“Self portrait with grey felt hat” (1887)
In the spring of last year my friend, Sarah, and I embarked upon an impromptu trip to Amsterdam in search of culture, coffee and crêpes. We took the ferry from Hull to Rotterdam overnight; battled seasickness and an hour long coach commute before reaching civilization. We found the nearest crêperie and revelled in both sweet and savoury delights before grabbing a coffee to go and exploring the city. Amsterdam is a beautiful place, full of quaint boutiques, iconic Dutch architecture and a labyrinth of streets and tranquil canals. We could have wandered those streets for hours, had it not been for the impending coach trip back to the ship, and I had a date with an artist…
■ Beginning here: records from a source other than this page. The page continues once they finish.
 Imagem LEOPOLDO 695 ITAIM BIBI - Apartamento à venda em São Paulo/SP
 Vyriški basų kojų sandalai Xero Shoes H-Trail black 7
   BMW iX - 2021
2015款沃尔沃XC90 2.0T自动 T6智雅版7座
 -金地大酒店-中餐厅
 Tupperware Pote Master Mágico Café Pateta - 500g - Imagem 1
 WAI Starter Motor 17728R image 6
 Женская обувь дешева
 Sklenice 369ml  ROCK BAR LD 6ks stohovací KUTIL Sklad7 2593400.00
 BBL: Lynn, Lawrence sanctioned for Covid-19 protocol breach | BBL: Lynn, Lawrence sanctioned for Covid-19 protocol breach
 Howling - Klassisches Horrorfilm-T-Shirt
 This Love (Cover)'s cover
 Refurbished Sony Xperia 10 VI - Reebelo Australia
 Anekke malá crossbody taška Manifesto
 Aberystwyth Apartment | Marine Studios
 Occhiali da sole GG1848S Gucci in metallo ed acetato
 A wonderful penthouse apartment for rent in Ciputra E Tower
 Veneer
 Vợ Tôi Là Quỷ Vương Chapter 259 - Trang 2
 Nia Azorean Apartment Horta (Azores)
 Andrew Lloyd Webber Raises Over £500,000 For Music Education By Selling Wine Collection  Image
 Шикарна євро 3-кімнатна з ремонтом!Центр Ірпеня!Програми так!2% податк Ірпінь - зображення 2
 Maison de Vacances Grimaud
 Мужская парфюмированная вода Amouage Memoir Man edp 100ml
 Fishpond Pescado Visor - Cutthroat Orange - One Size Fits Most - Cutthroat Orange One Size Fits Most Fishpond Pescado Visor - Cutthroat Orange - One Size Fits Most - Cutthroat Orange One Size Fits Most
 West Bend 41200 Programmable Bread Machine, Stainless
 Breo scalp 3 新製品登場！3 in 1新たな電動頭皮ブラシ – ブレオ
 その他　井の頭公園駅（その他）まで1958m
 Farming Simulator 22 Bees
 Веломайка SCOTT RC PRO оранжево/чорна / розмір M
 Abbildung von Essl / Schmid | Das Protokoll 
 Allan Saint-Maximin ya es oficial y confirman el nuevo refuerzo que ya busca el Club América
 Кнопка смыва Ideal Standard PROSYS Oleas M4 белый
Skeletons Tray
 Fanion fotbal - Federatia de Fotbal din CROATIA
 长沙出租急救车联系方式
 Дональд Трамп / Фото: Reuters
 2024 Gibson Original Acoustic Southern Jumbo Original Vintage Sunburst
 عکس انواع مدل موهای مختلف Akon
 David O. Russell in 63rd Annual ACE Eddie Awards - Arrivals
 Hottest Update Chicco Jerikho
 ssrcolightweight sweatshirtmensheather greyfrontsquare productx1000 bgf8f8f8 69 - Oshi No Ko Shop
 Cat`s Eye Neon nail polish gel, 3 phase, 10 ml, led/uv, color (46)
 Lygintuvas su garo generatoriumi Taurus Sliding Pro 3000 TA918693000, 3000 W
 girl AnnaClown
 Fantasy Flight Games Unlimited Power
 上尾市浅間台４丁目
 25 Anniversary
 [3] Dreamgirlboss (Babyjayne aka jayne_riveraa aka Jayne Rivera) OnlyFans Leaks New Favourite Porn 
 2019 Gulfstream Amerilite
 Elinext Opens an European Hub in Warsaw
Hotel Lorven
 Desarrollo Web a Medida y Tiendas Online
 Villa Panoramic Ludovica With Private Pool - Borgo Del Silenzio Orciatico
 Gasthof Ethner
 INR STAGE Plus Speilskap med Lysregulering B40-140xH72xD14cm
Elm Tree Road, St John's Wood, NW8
Before long we were entering the gleaming glass entrance of The Van Gogh Museum. My excitement grew with every millisecond as we inched closer and closer on the escalator until, finally, I came face to face with the man himself, Vincent Van Gogh. We were standing in the first level of the museum, the collection of Van Gogh’s self portraits. The bold strokes of colour in “Self portrait with grey felt hat” (1887) stimulated my mind with its pointillist-like halo radiating from the artist. The bright, unblended colours of the artist’s face in “Self portrait as a painter” (1888) appeared to intensify the prominent wrinkles on his forehead and under his eyes; intimating towards the mental and physical exhaustion Paris had caused Van Gogh during the two years he was living in the city.
“Self portrait as a painter” (1888)
We were then taken on a journey through the life of Vincent Van Gogh as we explored each room of the museum. From his dark days in Nuenen painting scenes of peasant life; and the two years spent in Paris where he found inspiration in Monet and Japanese prints; to Arles and ‘the yellow house’ painting workers in the wheat fields; before his hospitalization in Saint-Rémy following the ‘ear incident’ and Van Gogh’s eventual suicide. With child-like zeal I dashed from canvas to canvas, pausing momentarily to drink each piece in.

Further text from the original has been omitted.